LOU WATERS: While most of the sporting world's attention will be focused on Sydney for the next couple of weeks, CNN's travel unit has been getting an Olympic-sized tour of Australia.
Here's a look at Carolyn O'Neil's visit to the nearly unspoiled Kangaroo Island.
CAROLYN O'NEIL, CNN CORRESPONDENT (voice-over): The landscape is a patchwork of tiny towns, wilderness and farmland, forming Australia's third-largest island. It lies off the coast of south Australia, about a half-hour flight from the city of Adelaide. Kangaroo Island has one remarkable feature after another.
CRAIG WICKHAM, ADVENTURE CHARTERS: This is called Little Sahara, and you get a feel for the idea why.
Great spot for seeing who's been around overnight.

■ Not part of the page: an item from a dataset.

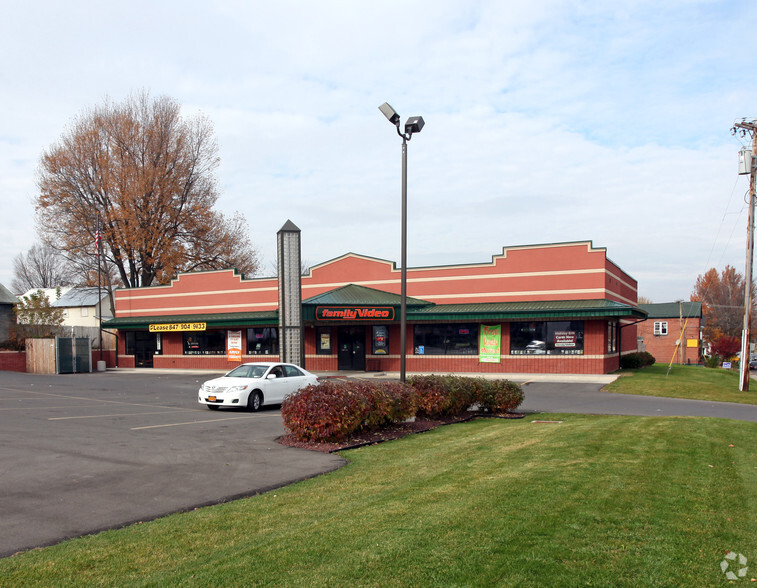 104 W Broadway, Fulton, NY for lease - Primary Photo - Image 1 of 3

There's all sorts of tracks here, little tiny wallaby tracks there.
O'NEIL: One of the best ways to see the island is by guided tour. We hired naturalist Craig Wickham of Adventure Charters. His company provides plenty of inspiring sites -- even a delicious meal.

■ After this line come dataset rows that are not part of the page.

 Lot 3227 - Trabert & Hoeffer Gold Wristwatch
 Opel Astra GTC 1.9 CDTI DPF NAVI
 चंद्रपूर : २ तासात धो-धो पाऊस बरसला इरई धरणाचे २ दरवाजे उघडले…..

(on camera): Now you're preparing a gourmet lunch. This is amazing.
WICKHAM: Man cannot live on Kangaroo alone.
O'NEIL (voice-over): Of course, he's kidding; no kangaroo on this menu.
WICKHAM: Dig in.
O'NEIL (on camera): Dig in.
CRAIG WICKHAM, ADVENTURE CHARTERS: You know, a lot of people say that it's everything they expected all of Australia to be. You know, there's lots of open space, all the wildlife they're expecting.

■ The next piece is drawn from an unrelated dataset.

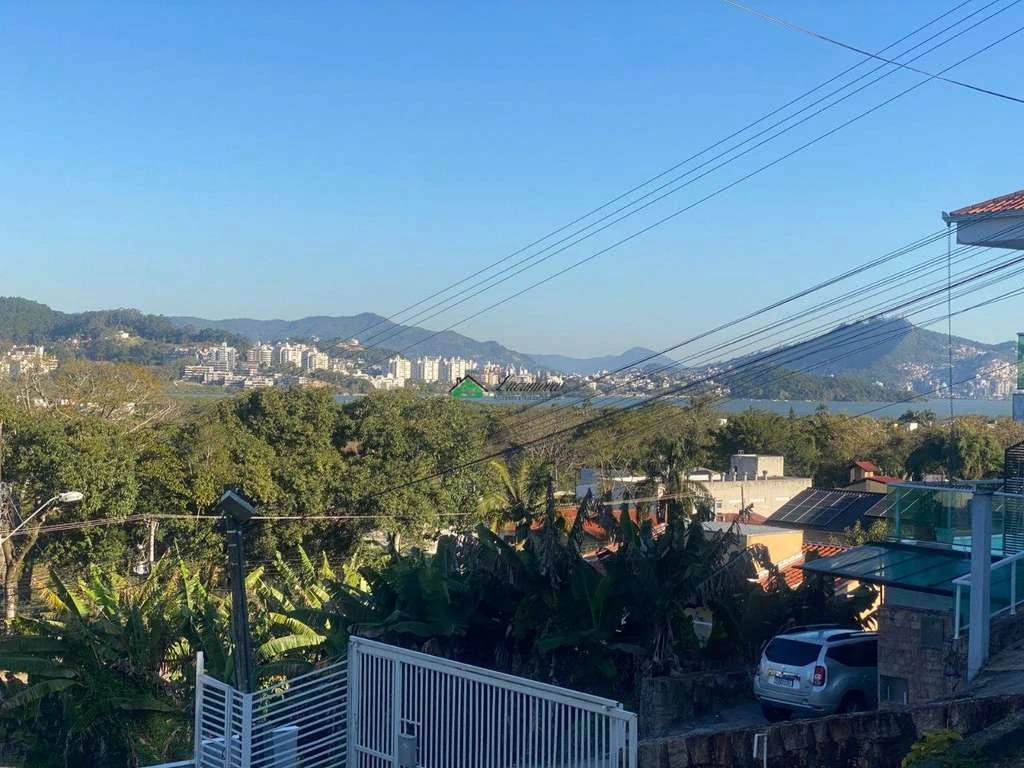 1-bedroom apartment with private garden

O'NEIL (voice-over): While 4,000 people live on Kangaroo Island, animals dominate; 800,000 sheep are raised here, and there are 251 recorded species of birds.
Look high into the trees, and you may spot one of the island's 5,000 koalas. This famous marsupial sleeps 20 hours a day and eats exclusively from the gum, or eucalyptus, tree.
(on camera): And, of course, there are kangaroos on Kangaroo Island, an exciting site for first-time visitors. In fact, there are so many here, the drivers have to watch out for them.
Oh my God. I'm sorry. They've got my notes.
(voice-over): And obviously not afraid to approach humans. The temptation to touch is hard to resist. It's an ongoing struggle: balancing the enthusiasm of visitors without disrupting the animals and their natural behaviors.
Along the roads, signs warned to keep a lookout.
WICKHAM: And if you see one, you then, sort of, back off, because you know there's another one. His mate's following soon after.
They're creatures of habit. You see really well-defined paths where they come crossing every day, every night.
O'NEIL: There are 45 different kinds of kangaroos in Australia. These are unique to this island.
WICKHAM: The island was joined to the mainland, most recently, up until about 12,000 years ago. So, since that time, the kangaroos on the island have been isolated.
O'NEIL: A drive to see one kind of animal often leads to sightings of others.
WICKHAM: A wallaby is, simply, just a small species of kangaroo.
I guess we would start to worry if we didn't see the animals on the road, because it's an index of just how abundant they are.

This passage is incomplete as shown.